I am implementing machine learning algorithms from scratch using python. I have a base class called BaseEstimator
with the following structure:
from __future__ import annotations
from typing import Optional, TypeVar
import numpy as np
from abc import ABC, abstractmethod
T = TypeVar("T", np.ndarray, torch.Tensor)
class BaseEstimator(ABC):
"""Base Abstract Class for Estimators."""
@abstractmethod
def fit(self, X: T, y: Optional[T] = None) -> BaseEstimator:
"""Fit the model according to the given training data.
Parameters
----------
X : array-like, shape (n_samples, n_features)

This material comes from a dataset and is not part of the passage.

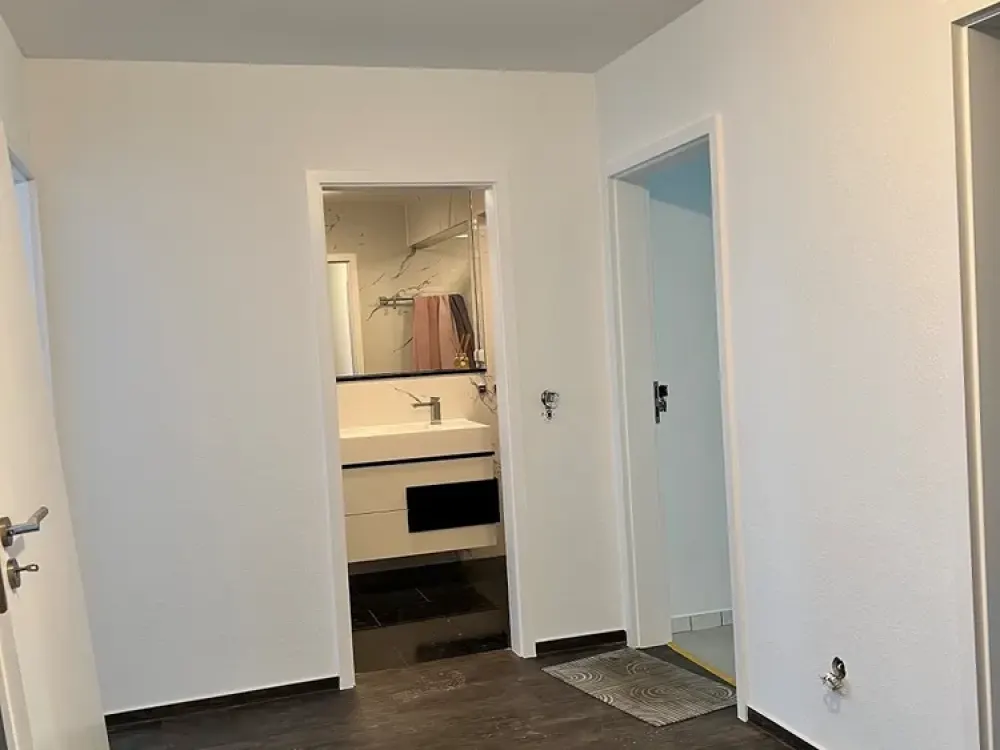 Commission-free - like-new modernized 3-room apartment near Volksgarten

Training vector, where n_samples is the number of samples and
n_features is the number of features.
y : array-like, shape (n_samples,) or (n_samples, n_outputs), optional
Target relative to X for classification or regression;
None for unsupervised learning.
Returns
-------
self : object
Returns self.
"""
@abstractmethod
def predict(self, X: T) -> T:
"""Predict class labels for samples in X.
Parameters
----------
X : array-like, shape (n_samples, n_features)
Samples.
Returns
-------
C : array, shape (n_samples,)
Predicted class label per sample.
"""
class KMeans(BaseEstimator):
def fit(X: T) -> BaseEstimator:
...
def predict(X: T) -> T:
...
class LogisticRegression(BaseEstimator):
def fit(X: T, y: Optional[T] = None) -> BaseEstimator:
...
def predict(X: T) -> T:
...
Now when I implemented the base class, I did not plan properly, some algorithms such as KMeans
are unsupervised and hence do not need y
at all in fit
. Now a quick fix I thought of is to type hint y
as Optional
, so that it can be None
, is that okay? In that case, in KMeans
' fit
method, I will also have to include the y: Optional[T] = None
, which will never be used.
You can inherit two different classes from your base class: ClassificationEstimator and ClusteringEstimator. After that you can move your fit function to both classes, removing the fit function from base class, and remove the y parameter from the fit function in ClusteringEstimator. After that you could inherit your estimator classes from these two base classes.
In this way your classifier classes will not change but clustering classes will be changed and also the usages shall be updated. By the way you could add an overload for fit function in ClusteringEstimator base class, that takes the y function as an optional non usable parameter. But by the way, leaving the y parameter in fit function is not optimal, because it pollute the library interface.